If you have ever bowled or captained, you are sure to have asked yourself: Where are we going to get 10 wickets from today?
It's rare in club cricket to have bowlers good enough to knock a side over one their own, so you have to use every trick in the book.
You already know the main ploy: Risk losing in order to win. Now you need to convert that to real life tactics:
- Work on hunches. Many club batsmen give the game away before they have faced a ball. Look at the grip, stance, backlift, guard and physique of a player. Take a guess at where his weakness might be and set a field to it. It might just pay off but even if it doesn't you can always go back to your original plan.
- Set fields for each batter. As each batsmen has their own style, strengths and weaknesses your field should reflect this. Most tail-enders, for example, will go for the slog. So set the field with fewer (or no) close catchers and people in the places where big hits and mishits will go.

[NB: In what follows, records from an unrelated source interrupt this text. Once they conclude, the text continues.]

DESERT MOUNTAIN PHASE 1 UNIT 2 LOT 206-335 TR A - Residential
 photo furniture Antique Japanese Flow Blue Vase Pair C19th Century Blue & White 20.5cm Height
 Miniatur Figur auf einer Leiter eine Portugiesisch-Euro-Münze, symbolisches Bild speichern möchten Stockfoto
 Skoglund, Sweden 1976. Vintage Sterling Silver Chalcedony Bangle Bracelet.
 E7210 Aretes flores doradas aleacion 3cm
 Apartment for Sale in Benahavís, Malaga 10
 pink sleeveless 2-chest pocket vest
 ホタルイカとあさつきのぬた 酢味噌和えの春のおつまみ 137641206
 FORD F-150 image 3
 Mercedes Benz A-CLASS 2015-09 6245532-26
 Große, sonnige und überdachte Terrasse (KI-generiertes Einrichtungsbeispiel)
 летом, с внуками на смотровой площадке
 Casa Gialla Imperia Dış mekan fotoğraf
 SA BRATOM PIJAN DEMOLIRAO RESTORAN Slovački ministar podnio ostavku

- Be subtle. Sometimes you need to work a batsman off strike, or feed runs to a side to keep them in the game enough to stop them going for the draw. You don't want them to catch on that this is what you are doing so be careful. Leaving a gap in the field, or a fielder slightly too deep on the batsman's strongest shot often goes unnoticed, or a star bowler suddenly getting 'injured' is just unfortunate timing.
- Use spin at the death. Spinners win more games than seamers in club cricket because tail-enders generally can't resist them. So aim to have 2 decent spinners fresh enough to operate in the last hour of the innings, especially if you are bowling 2nd. This works especially well if you have one spinner who looks significantly easier to hit than the other (one loopy and slow, one quicker).
Using these 4 tactics you can significantly improve the number of wickets you get in a season and the number of games you win. Plus the game will be more fun!